Bei der Antidiskriminierungsstelle des Bundes kann man schwarz auf weiß nachlesen, was im 21. Jahrhundert eigentlich selbstverständlich sein sollte:

„Ungleiche Bezahlung aufgrund des Geschlechts ist eine unzulässige Diskriminierung nach dem Allgemeinen Gleichbehandlungsgesetz (AGG) und verstößt auch gegen Europarecht.”

Dennoch sprechen die Fakten eine andere Sprache: Deutschland ist eines der europäischen Schlusslichter, wenn es um Lohngerechtigkeit geht. Der allgemeine Gender-Pay-Gap hierzulande liegt immer noch bei 21 Prozent. Und selbst der „bereinigte” Lohnunterschied, also die Differenz, die Frauen bei exakt gleicher Arbeit weniger verdienen, liegt bei 5,5 Prozent. Birte Meiers Fall ist ein trauriges Beispiel dafür, dass diese Zahlen real sind. Und sie ist eine der wenigen Frauen, die sich getraut haben, das nicht länger hinzunehmen.
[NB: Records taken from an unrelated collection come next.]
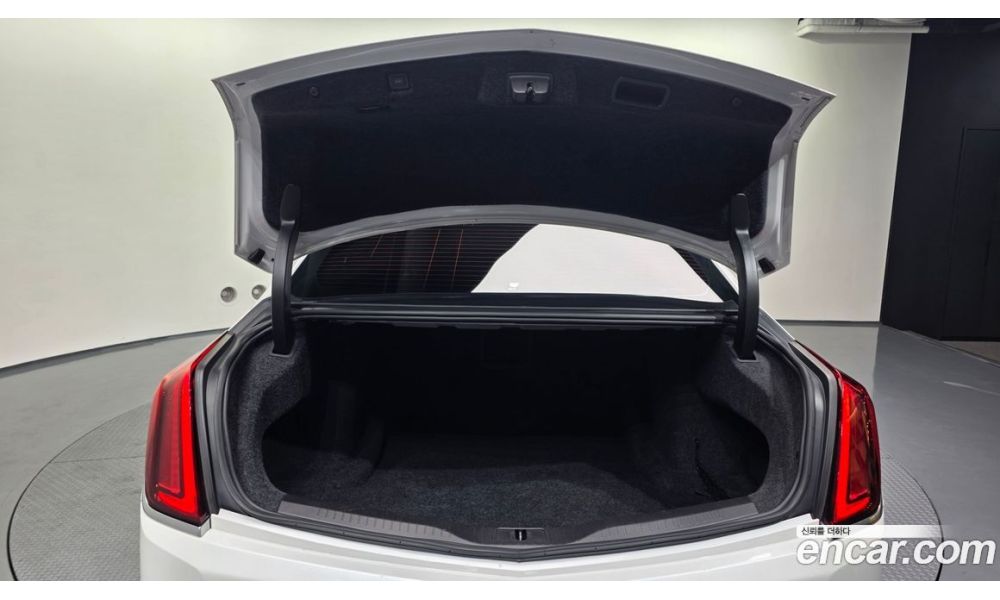 682565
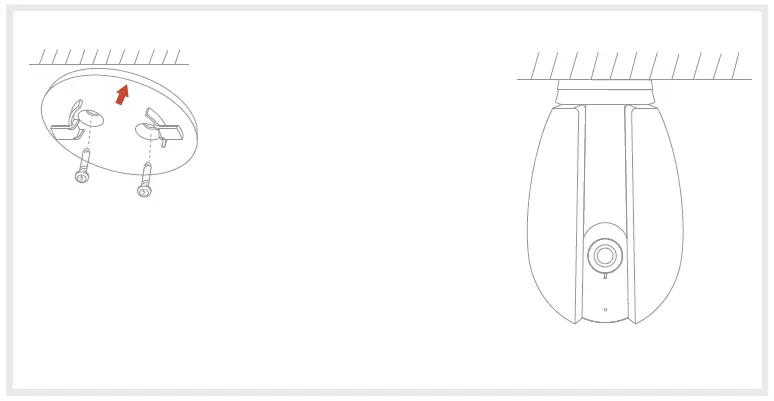 beafon-TRACER-1T-Smarthome-fig-3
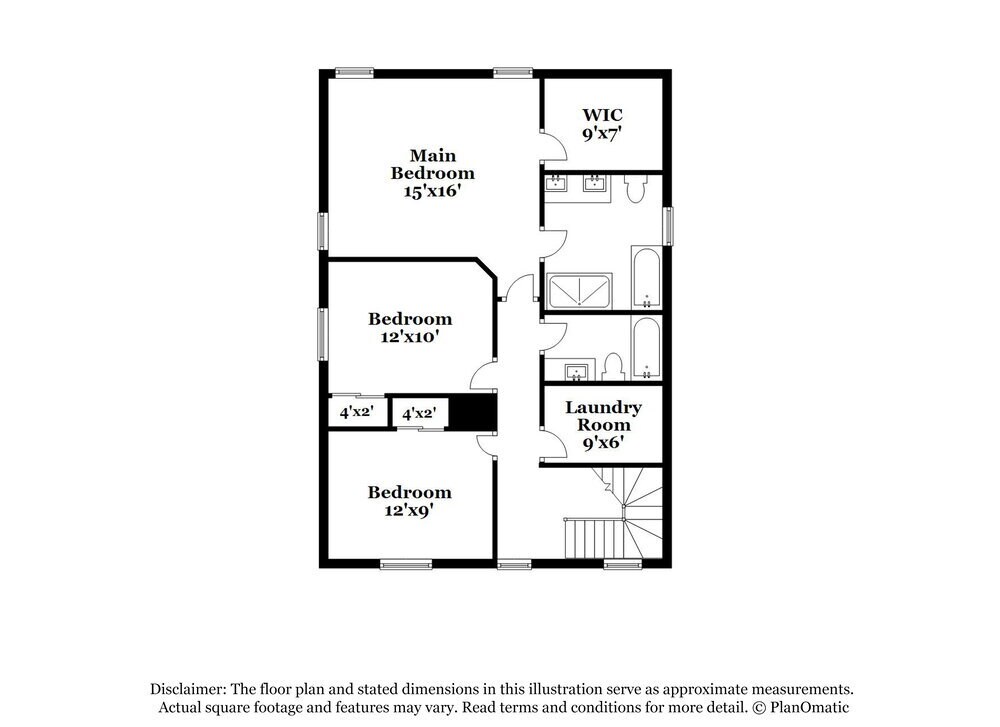 Building Photo - 6369 Coral Flower Ct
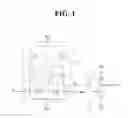 Fig. 02 - LEVEL SHIFT CIRCUIT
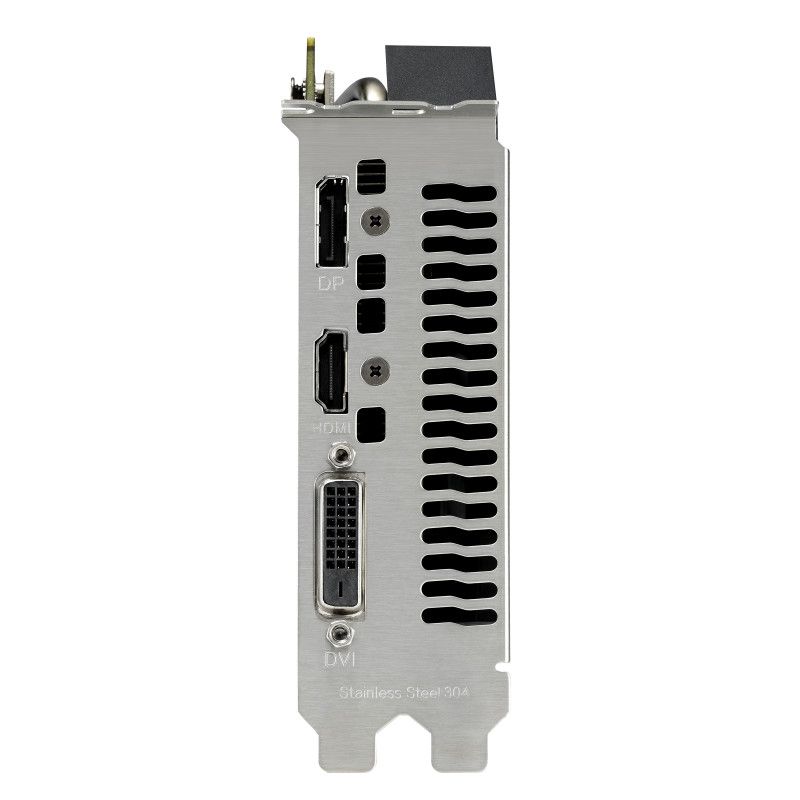 ASUS PH-RTX3050-8G-V2
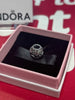 Pandora Openwork Sun, Stars & Moon Charm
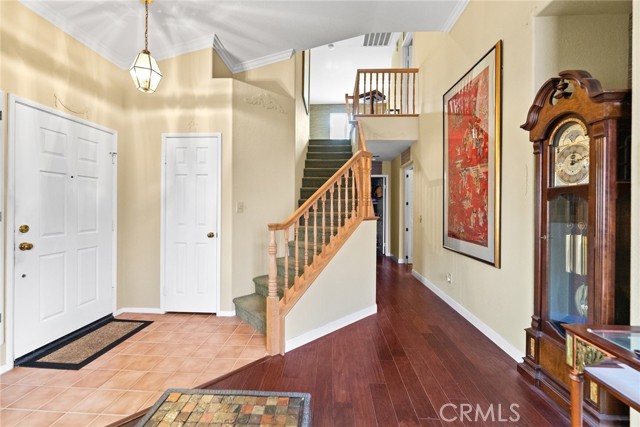 Detail Gallery Image 20 of 48 For 15655 Prestancia Ct, Moreno Valley,  CA 92555 - 3 Beds | 2/1 Baths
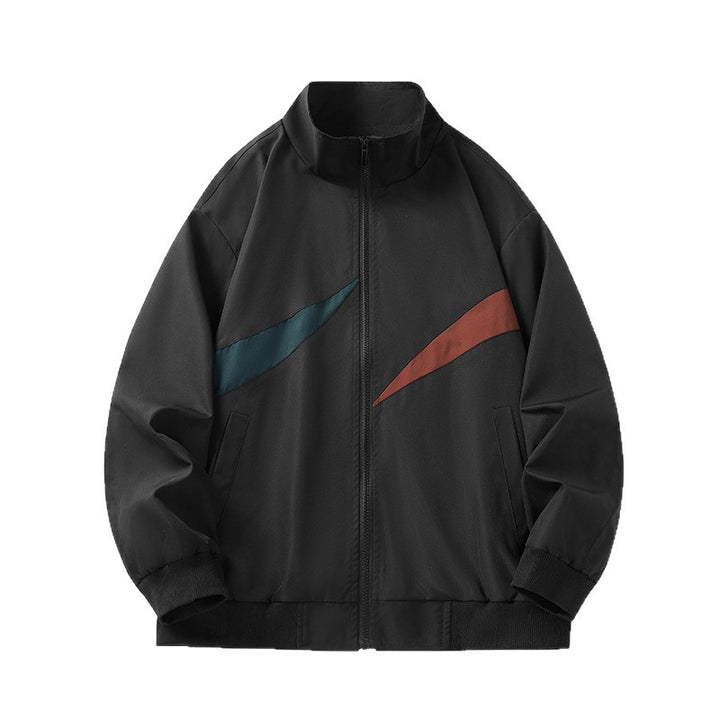 Lightweight sports jacket for women with a trendy cut Lune London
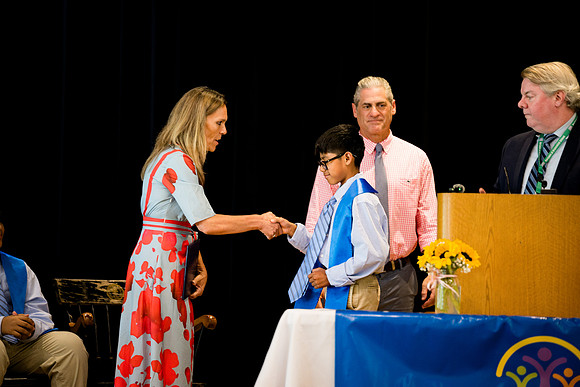 horizons_graduation26_ah_0051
Die Chance, ein wichtiges Zeichen zu setzen

Das ZDF, das zum ersten Mal wegen Diskriminierung und ungleicher Bezahlung vor Gericht steht, möchte sich mit Birte Meier auf einen Vergleich einigen und einen Auflösungsvertrag durchsetzen. Auch diese Praxis ist ein Grund, warum Frauen so selten gegen Lohnungleichheit klagen: Denn die meisten Jobverhältnisse werden nach so einer Klage aufgelöst, weil das Verhältnis zu geschädigt ist. 
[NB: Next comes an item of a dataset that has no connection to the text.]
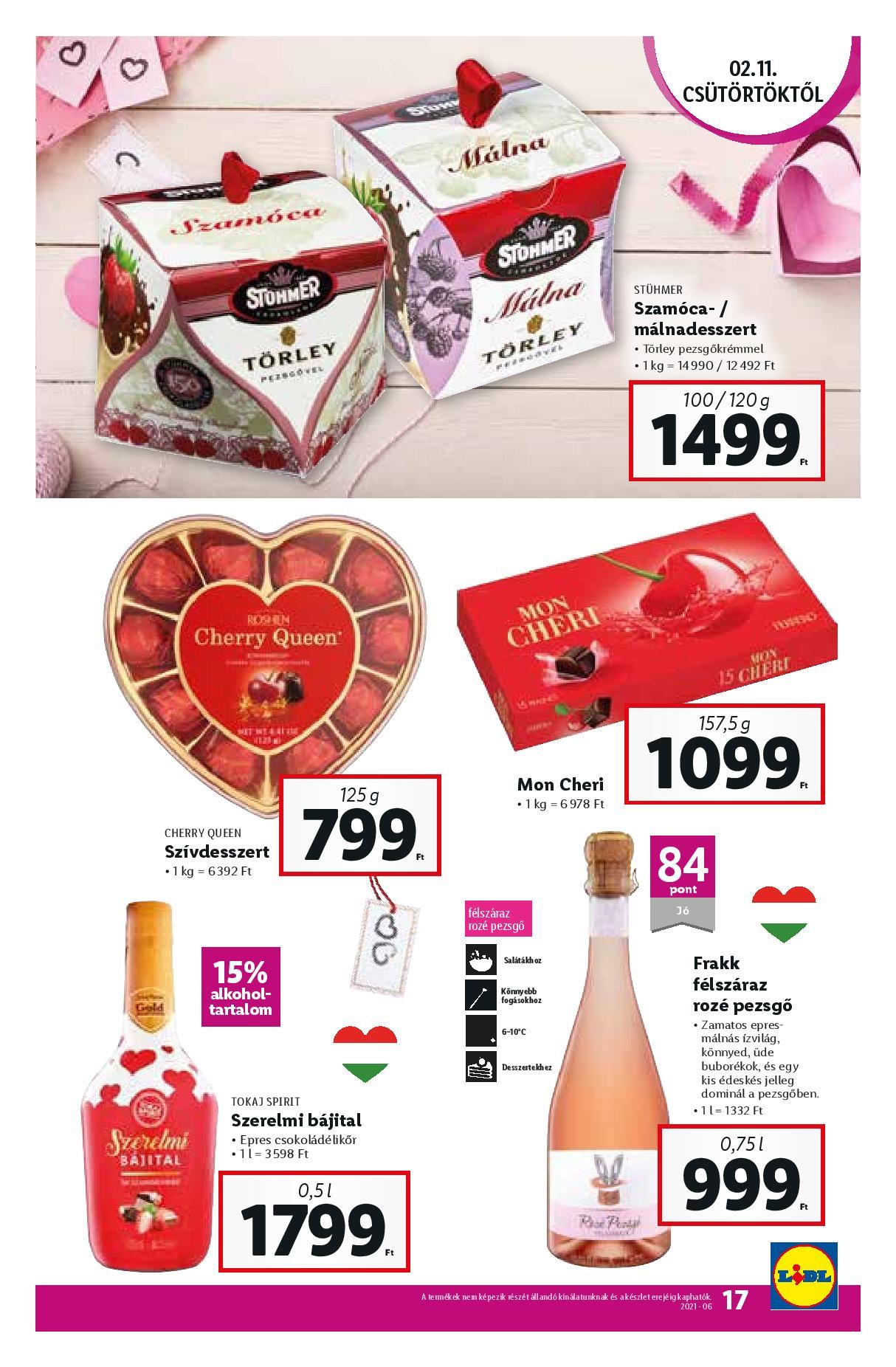 lidl0211-page-017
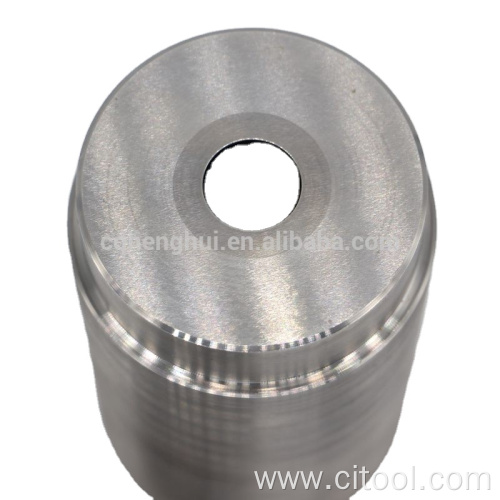 Tungsten Carbide Cold Heading Die For Screw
Es wird Zeit, dass das deutsche Arbeitsrecht Frauen besser schützt. Mit Blick auf die Reaktion des Richters auf den Zwischenruf einer Frau im Zuschauerraum „Willkommen im Mittelalter”, bleibt zu hoffen, dass Birte Meiers mutiger und wichtiger Schritt, hilft die verstaubten Strukturen aufzubrechen und nicht an einem Richter abprallt, der „die Damen auf den billigen Plätzen” belehren möchte, dass es „nicht nur schwarz und weiß gibt.” 

Nachtrag

Um die Frage, warum der pensionierte Kollege deutlich mehr verdient als die Klägerin zu beantworten, muss berücksichtigt werden, inwiefern die beiden in vergleichbaren Anstellungsverhältnissen stehen. Birte Meier ging es um die generelle Tatsache, dass viele ihrer männlichen Kollegen mehr verdienen als sie selbst. Der pensionierte Kollege war dabei, laut Birte Meier, wie Übermedien aus der Gerichtsverhandlung berichtete, der einzige Weg, um die Gründe aufzudecken: „Sehr viele Männer verdienen mehr als ich. Die Begründungen dafür waren nicht ersichtlich. Der einzige Weg für mich war die Klage. Und der einzige Weg war der über den pensionierten Kollegen.“ 

Die Urteilsverkündung am 1. Februar wird hoffentlich einige Klarheit schaffen. Eine wichtige Debatte hat die Klage dabei schon jetzt ausgelöst. Damit Gehaltsstrukturen fairer werden, müssen sie erst einmal transparenter werden – und das nicht erst vor Gericht.